|Title||The History of Berkeley DB|
|Date||Wednesday November 24, @01:31AM|
|from the dept.|
The Association for Computing Machinery's publication, ACM Queue, had Kirk McKusick of FreeBSD fame interview Margo Seltzer and Mike Olson about the development of Berkeley DB. The two, along with Keith Bostic, have been awarded the 2020 ACM Software System Award for the database. Berkeley DB is a dual-licensed (AGPL and proprietary), simple, efficient, transactional, nosql database and currently maintained by Oracle.
Kirk McKusick: Berkeley DB came out of the University of California at Berkeley Computer Systems Research Group's work to create a version of Unix unencumbered by AT&T's ownership rights to the original version of Unix.
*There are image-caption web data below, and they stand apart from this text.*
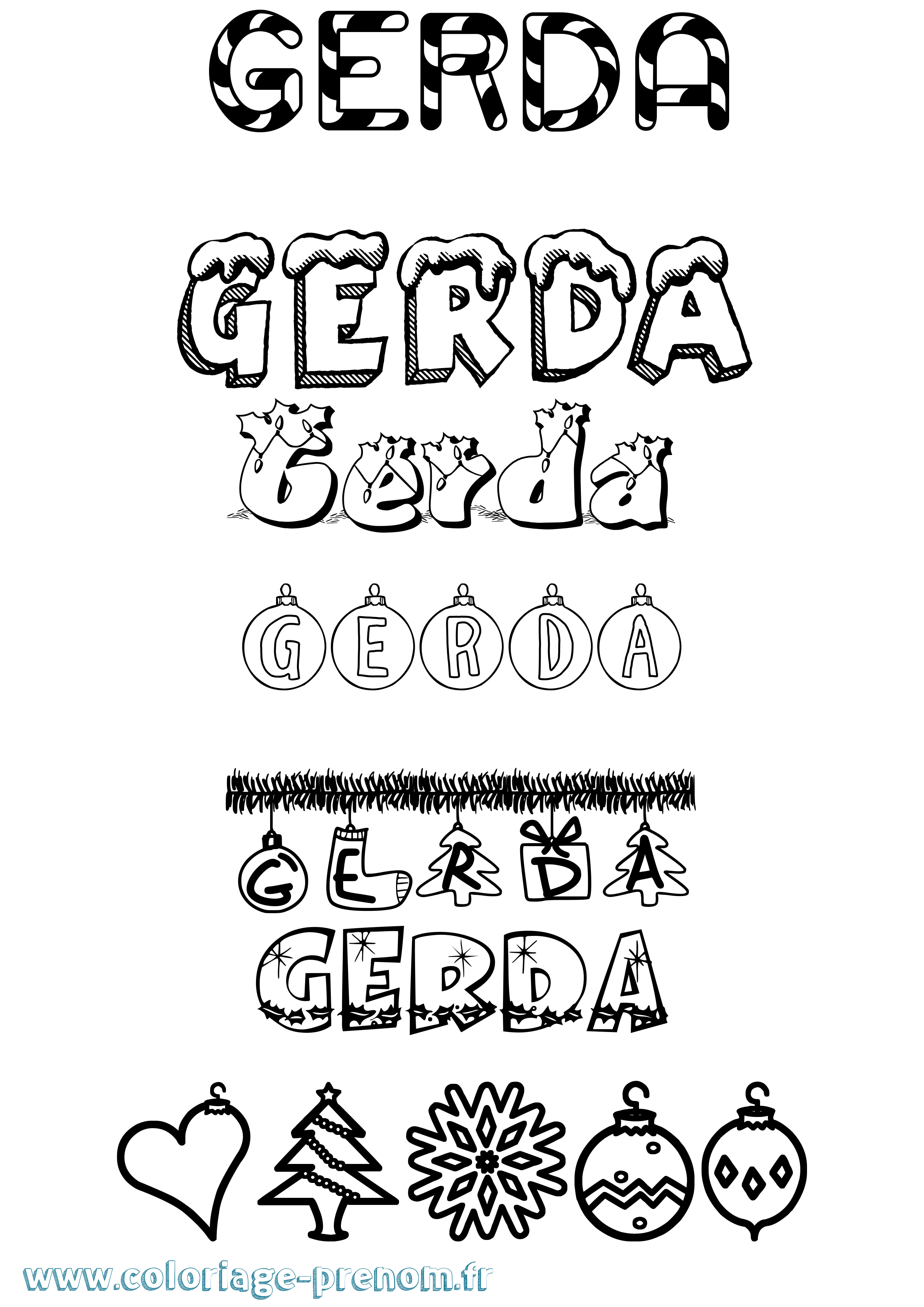 Coloriage prénom Gerda Noël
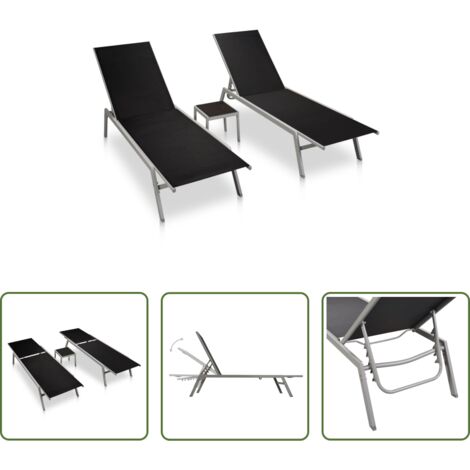 vidaXL Tumbonas de camping -  Tumbonas con mesitas 2 uds acero y textileno negro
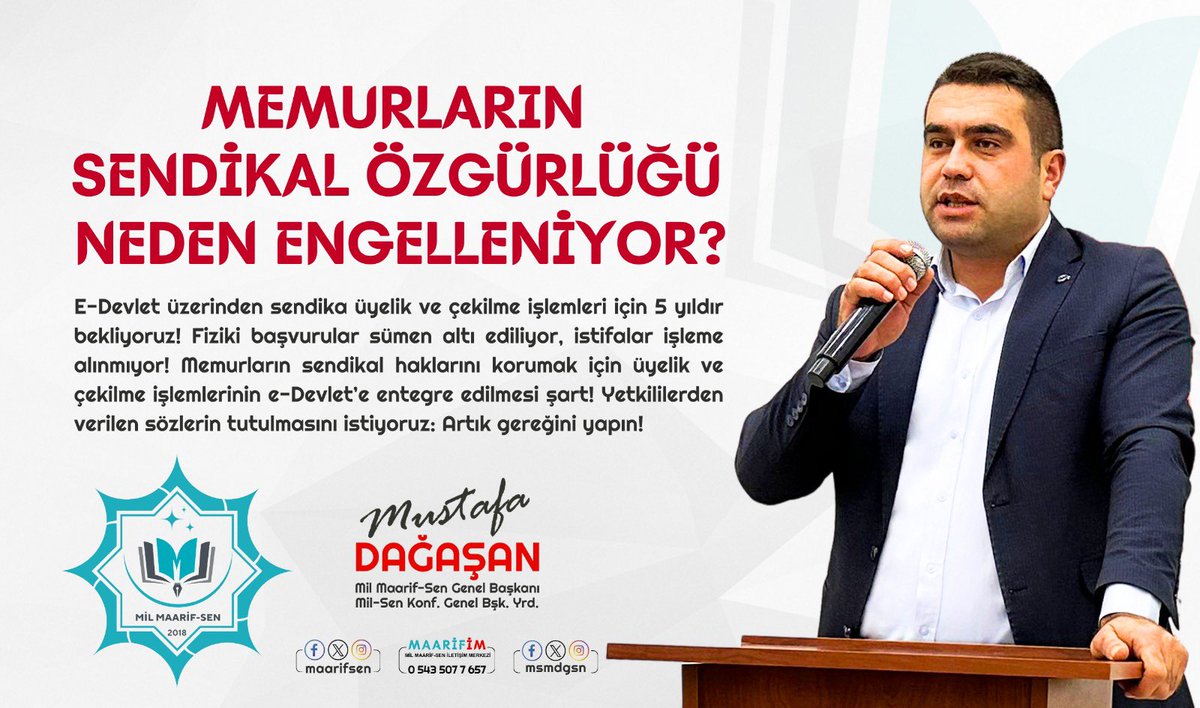 🔴 *Dağaşan: "Memurların sendikal özgürlüğü neden engelleniyor?*  

✅ İşçiler e-Devlet’ten sendikaya üye olabiliyor.  
🚫 Memurlar hâlâ fiziki evrakla uğraşıyor!  
❌ Üyelik ve istifa işlemleri bürokratik engellere takılıyor.  
🖥️ Dijital çağda e-Devlet neden memurlara kapalı?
To do that, we needed a new kernel, written without using any of the AT&T code. We also needed all the applications and libraries that shipped with the operating system.
My colleague on the Berkeley BSD Project, Mike Karels, and I were in charge of getting a clean version of the kernel—that's another story! But Keith Bostic took on the task of getting all the apps and libraries done. He solicited volunteers for much of that work. I know he worked with you two on that. Why don't you start the story there?
Berkeley DB has been around since 1991 and can be found in many places, including inside OpenLDAP. In its 30 years, it has raised public awareness of non-relational databases. It is in general one of the more useful, reliable, and long-lived software projects around.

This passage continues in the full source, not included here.